Start a timer after the first gavage and wait five to 10 minutes between each gavage to allow in vivo measurements, maintaining one hour post gavage. Keep the remaining FITC-dextran suspension for the standard curve. Start the machine and software by clicking and holding the start button and allow the system to warm up.
Click on Device status and ensure all the configured devices show OK before proceeding. Then click on New study and save the file with the desired name. Next, click on Study options.
Enter the specimen ID and choose the correct laser and experiment. Then remove the fur from the abdominal area using an electric shaver, and apply veterinary ointment generously to the eyes to prevent drying. Open the imaging chamber and place the animal dorsally on the scanning plate.
Then secure the limbs and tail with tape. Next, select the area to be scanned by using the Draw tool. Ensure to include the whole width of the abdomen from just above the liver to the rectum.
Then click on the Modify tool to adjust the area once drawn. Set the scan resolution to 2.0 millimeters and click on Start to begin the scan. Next, open the image files by finding them under the chosen file name and simultaneously open all the files with synchronized settings.
Using the image settings toolbar, use the Sync image and Sync scale buttons to sync the image settings for an accurate comparison. Then save the images with the adjusted scales. Compare the abdominal fluorescence of each animal and the control mouse on uniformly scaled images using software associated with the imaging system.
Collect a fecal pellet from each mouse in a sterile tube four hours post gavage. Then keep the tubes on ice and place them in the dark. Next, centrifuge the blood samples at 9, 390 x g for 10 minutes at room temperature.
Then transfer the plasma to a new sterile tube and keep it on ice in the dark. Dilute 50 milligrams of fecal samples in 200 microliters of PBS, and dilute the plasma with PBS in a one to two ratio. Plate 100 microliter samples and standards in a opaque black 96-well plate.
Read the fluorescence on a fluorescent plate reader with excitation at 485 nanometers and absorption at 530 nanometers.
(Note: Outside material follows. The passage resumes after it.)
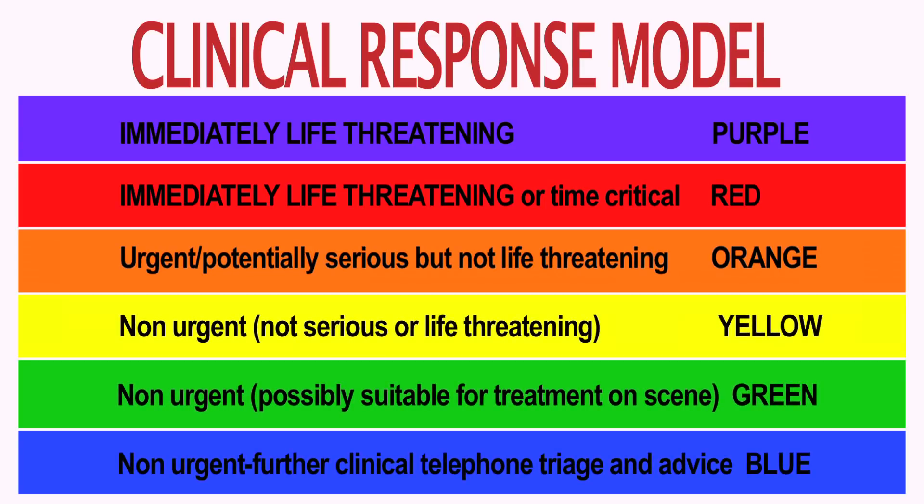Then through the color codes at the bottom end of the scale we have yellow, green, and blue. Those patients we identify as not necessarily needing to go to an emergency department for help — they may need some other kind of care, which they could even receive in their own home if needed.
Finally, determine the concentration of FITC-dextran per sample by comparing the fluorescence to the known concentrations of the standard curve. The analysis of the in vivo fluorescence showed that mice who received only the control diet had a higher hepatic intake of FITC-dextran and higher levels of residual fluorescence in the abdominal cavity compared to the mice who received the inulin supplemented diet.
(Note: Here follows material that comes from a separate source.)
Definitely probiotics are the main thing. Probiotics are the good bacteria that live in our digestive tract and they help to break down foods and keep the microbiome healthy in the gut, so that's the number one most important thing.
The mice that received the inulin supplemented diet had significantly lower levels of FITC-dextran in their plasma compared to the mice that received only the control diet. Concordantly, the mice that received the inulin diet had significantly higher levels of FITC-dextran in their feces than the mice that received only the control diet. The lower levels of FITC-dextran in the feces of the controlled mice indicate that it permeated through the intestinal barrier into the circulation rather than being appropriately excreted.
The high levels of FITC-dextran in the plasma reinforced this finding. Timing is essential when attempting this procedure. Fluorescence reading and sample collection should occur as closely as possible to one hour and four hours post gavage for each individual mouse.